There are two types of cultivated peaches which vary in eating quality and how they are used. Freestone peaches have a melting flesh that makes them great for eating fresh. Clingstone peaches have a dense flesh that makes them useful for canning. Among the freestone peaches, some varieties have a flattened shape and are called doughnut or Peento peaches. Peaches also vary in their flesh color with yellow being the most common, but some have white or red flesh. With many different peach varieties available, consider winter hardiness and disease resistance to prevent long-term problems. Fruit quality, ripening date, and showiness of the flowers can also be important considerations in choosing a variety.

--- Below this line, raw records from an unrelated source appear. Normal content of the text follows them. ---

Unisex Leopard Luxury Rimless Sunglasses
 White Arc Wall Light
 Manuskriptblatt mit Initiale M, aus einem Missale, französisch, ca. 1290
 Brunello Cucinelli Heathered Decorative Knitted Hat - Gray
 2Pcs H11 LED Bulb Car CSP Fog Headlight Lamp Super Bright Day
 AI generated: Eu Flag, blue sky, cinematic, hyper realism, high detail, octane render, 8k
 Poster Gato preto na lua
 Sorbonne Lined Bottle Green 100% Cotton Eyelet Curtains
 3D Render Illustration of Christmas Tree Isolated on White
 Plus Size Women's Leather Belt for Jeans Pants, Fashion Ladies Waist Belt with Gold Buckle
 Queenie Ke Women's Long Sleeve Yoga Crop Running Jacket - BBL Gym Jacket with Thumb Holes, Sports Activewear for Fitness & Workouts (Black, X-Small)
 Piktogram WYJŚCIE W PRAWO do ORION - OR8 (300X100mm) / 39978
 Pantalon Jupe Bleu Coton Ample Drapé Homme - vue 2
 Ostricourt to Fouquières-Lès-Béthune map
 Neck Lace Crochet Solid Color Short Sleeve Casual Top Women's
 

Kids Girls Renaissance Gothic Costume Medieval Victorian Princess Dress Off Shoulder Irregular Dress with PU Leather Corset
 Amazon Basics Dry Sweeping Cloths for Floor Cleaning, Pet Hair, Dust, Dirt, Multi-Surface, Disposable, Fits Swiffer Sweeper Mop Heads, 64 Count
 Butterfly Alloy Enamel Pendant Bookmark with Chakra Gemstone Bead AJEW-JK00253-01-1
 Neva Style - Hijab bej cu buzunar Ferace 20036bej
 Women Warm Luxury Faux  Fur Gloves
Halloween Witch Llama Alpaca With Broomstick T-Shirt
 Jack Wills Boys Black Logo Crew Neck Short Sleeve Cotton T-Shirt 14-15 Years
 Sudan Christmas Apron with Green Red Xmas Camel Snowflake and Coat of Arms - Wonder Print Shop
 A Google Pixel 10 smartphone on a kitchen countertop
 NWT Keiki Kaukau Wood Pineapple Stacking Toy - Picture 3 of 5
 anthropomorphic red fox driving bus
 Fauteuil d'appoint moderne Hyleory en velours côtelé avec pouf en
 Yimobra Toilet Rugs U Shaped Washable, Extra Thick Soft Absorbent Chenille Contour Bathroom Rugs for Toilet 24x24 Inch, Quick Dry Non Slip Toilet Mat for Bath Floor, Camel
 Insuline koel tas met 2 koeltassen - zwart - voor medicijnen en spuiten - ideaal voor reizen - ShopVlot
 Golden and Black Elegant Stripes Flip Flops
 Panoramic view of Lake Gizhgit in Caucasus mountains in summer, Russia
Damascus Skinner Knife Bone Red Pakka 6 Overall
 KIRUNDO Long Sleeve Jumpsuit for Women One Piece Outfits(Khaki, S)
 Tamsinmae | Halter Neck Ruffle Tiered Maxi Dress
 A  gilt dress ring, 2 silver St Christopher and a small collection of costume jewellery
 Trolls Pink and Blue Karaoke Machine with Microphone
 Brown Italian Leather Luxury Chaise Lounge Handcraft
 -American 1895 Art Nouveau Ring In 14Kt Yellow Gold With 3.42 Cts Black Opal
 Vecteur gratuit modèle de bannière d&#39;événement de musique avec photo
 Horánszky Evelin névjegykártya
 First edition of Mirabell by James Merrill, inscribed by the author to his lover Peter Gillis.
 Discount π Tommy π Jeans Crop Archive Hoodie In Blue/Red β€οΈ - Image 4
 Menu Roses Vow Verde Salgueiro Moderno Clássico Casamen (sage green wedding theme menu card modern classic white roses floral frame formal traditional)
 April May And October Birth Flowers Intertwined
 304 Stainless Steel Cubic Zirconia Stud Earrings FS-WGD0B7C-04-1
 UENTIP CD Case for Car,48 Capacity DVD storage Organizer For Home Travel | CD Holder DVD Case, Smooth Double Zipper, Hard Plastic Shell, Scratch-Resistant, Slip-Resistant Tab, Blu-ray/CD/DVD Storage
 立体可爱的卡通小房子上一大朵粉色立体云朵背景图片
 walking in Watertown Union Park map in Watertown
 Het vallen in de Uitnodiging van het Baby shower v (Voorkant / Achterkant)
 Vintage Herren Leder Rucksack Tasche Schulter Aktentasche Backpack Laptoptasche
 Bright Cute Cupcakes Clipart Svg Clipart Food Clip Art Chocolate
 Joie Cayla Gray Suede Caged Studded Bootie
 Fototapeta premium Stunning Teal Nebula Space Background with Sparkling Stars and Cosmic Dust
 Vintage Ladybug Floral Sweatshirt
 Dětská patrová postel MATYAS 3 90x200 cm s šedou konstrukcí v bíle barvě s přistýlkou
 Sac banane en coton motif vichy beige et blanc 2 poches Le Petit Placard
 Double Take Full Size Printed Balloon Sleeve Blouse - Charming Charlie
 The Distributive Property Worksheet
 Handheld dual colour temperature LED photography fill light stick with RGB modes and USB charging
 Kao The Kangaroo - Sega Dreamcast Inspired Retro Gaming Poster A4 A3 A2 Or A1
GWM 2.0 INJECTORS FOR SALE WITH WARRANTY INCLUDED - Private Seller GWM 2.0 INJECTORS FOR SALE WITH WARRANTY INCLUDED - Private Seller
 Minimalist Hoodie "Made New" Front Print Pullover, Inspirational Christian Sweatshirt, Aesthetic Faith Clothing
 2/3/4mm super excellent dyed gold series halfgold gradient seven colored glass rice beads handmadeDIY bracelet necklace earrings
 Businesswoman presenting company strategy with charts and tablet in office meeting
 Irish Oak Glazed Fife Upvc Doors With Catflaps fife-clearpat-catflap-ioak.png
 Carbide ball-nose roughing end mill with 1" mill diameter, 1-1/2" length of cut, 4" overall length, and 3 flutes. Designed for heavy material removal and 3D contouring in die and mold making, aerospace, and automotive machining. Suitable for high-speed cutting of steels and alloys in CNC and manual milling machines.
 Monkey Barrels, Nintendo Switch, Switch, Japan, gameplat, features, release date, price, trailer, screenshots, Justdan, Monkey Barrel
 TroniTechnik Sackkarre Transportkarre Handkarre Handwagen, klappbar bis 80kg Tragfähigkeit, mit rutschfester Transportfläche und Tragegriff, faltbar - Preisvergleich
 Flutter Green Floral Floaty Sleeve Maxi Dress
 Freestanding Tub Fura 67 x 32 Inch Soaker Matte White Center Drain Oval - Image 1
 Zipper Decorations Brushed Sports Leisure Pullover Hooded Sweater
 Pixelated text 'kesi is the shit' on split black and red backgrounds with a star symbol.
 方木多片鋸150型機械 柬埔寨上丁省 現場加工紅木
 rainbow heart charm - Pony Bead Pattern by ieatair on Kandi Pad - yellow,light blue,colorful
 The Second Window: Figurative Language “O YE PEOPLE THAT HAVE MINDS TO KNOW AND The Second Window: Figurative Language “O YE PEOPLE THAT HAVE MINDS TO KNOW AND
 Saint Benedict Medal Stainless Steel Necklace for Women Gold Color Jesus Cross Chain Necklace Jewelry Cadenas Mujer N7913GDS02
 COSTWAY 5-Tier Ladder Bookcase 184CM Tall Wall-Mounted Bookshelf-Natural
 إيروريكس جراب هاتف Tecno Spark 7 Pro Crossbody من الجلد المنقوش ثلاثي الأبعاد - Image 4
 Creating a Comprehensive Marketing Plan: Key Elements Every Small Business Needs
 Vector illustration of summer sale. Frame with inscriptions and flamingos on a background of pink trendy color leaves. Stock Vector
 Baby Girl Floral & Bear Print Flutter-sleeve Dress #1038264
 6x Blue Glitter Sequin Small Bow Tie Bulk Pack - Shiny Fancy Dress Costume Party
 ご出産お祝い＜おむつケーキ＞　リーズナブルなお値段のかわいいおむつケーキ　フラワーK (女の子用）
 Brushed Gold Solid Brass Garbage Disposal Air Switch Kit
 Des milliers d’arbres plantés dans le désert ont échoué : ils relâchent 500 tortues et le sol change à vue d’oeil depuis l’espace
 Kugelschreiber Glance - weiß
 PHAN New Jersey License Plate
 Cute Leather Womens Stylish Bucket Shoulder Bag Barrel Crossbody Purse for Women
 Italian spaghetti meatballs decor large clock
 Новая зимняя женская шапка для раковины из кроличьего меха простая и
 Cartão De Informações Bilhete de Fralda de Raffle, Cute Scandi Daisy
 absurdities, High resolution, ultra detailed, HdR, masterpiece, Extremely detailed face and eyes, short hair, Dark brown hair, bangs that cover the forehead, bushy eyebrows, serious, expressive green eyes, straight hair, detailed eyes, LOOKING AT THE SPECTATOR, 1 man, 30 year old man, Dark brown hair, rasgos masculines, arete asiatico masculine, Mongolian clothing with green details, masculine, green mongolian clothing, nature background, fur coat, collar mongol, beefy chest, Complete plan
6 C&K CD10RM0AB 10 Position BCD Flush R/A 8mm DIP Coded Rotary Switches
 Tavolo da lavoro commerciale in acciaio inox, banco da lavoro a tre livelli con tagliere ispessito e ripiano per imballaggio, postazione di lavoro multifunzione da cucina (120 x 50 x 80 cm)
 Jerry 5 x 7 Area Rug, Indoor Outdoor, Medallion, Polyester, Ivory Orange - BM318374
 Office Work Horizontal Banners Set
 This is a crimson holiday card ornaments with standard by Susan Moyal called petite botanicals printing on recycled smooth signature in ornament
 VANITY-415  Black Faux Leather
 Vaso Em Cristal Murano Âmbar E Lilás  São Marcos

Important Traits of Common Peach Varieties

Variety Cold Hardiness Ripening Date Leaf Curl Resistance Bacterial Leaf Spot Resistance Blossom Appearance
Canadian Harmony good mid Sept. Fair fair fair
Contender good mid Sept. Fair good fair
Elberta fair late Sept. good poor fair
Harken good mid Sept. good good fair
Harrow Beauty fair mid Sept. fair good fair
Madison good mid Sept. fair fair fair
PF-24C good early Sept. fair fair fair
Polly good Sept. poor fair fair
Salish Summer fair mid Sept. good fair good
Reliance good mid Aug. poor fair fair
Redhaven good late Aug. good fair poor
Saturn unknown unknown fair good good
Starfire good early Sept. unknown good fair

For more information, see Bulletin #2068 Growing Peaches in Maine.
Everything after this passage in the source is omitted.